On the good opinion of others and how it drives us
September 29, 2015
I just came back from a short vacation during which my normal daily activities were suspended — including writing daily, following twitter and podcasts to keep abreast of infosec news, and doing work towards my M.Sc. at Helsinki University.
Before going, I had pushed myself at the expense of more interesting topics (memory forensics) to get more academic reading done and turned in my distributed systems course essays ahead of time so that I wouldn't need to fuss over them during my vacation.
After I came back my first worry is the next upcoming deadline (in less than a week) for which I had not yet read. This deadline trumped my personal goals that I have set for myself, like posting a new blog post on LinkedIn every two weeks — and that irked me quite a bit afterwards. Today as I was working on other exercises for the course my thoughts kept wandering to my favorite topics — my infosec twitter feed to learn about new threats, interesting defenses or nice write-ups of capture the flag contests. All of these would be preferable to the job at hand of reading the academic paper we were assigned. The only good vibe I got from the paper was that it had a really complex sounding title and thus it elevated my self-worth — I must be really smart, or sumthin', to be reading these big words!

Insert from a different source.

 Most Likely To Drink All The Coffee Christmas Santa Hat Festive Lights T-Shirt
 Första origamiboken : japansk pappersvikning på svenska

Care about what other people think
and you will always be their prisoner
- Lao Tzu
Then the term coined by Peter Sage came a-knockin': GOOP, or, Good Opinion of Other People.
He posits that most people spend the majority of their lives being driven by how others see you — or rather, how you assume them seeing you. Others being people like your parents, significant other, classmates, and so forth. I had learned of the term 3 weeks ago while watching his second London Real interview and already then it had resonated with me on the "hey that's interesting, I need to share this with other people" level, but now it finally hit home.
And it really hit hard. Am I going for the master's because I actually want to get it, or because I want the prestige and/or approval that achieving it would garner from others — be this prestige real or imaginary.
I am lucky in the sense that I have a pretty clear goal of where I see myself career-wise in the next 2-5 year span and have access to all of the material to get me on my way for the next year or so at least. All of that material is standing idly by as I am working with something else. Something else that slightly relates to my desired career goals since it is in the field of computer science, but my alma mater does not have a infosec/cybersec program — let alone forensics or anything related to reverse engineering — so I am currently majoring in computer science with a focus in distributed systems and networking. Sure network security is one part of the infosec world, but where I am going, you don't need cars.. erm, I mean I don't need to have an academic background in how peer to peer networks work, or have implemented my own distributed hash table or the like.
To be honest, doing "school work" when I am working in an exciting new job in a new country feels like a step backwards — or at least sideways — instead of being progress for me. Sometimes it just takes time for these feelings to materialize from gut feelings into figuring out why things seemed amiss. On the other hand, this "faltering of spirit" makes me also suspect my motives for wanting to put academic progress on pause — am I doing it because I clearly see what I want to actually do OR am I doing it just to avoid the anxiety that comes hand in hand with learning new things.
After having wrestled with this internally for a lengthy while the key arguments against quitting were "I contacted the instructor beforehand and if I stop now, he'll have wasted his time" and "my friends/family will be disappointed". I am not saying it is wrong to care about others, but I am saying that making decisions based on what I project other people's thoughts of me to be is folly.
Whatever I am moving towards will bring with it loads of adversity and it is wise to make sure you are taking the punches for the right cause, because as cliché as it is: you are here only for a very short time. And as the great poet Drake so eloquently put it: YOLO.
And on that bombshell it is time to end, good night!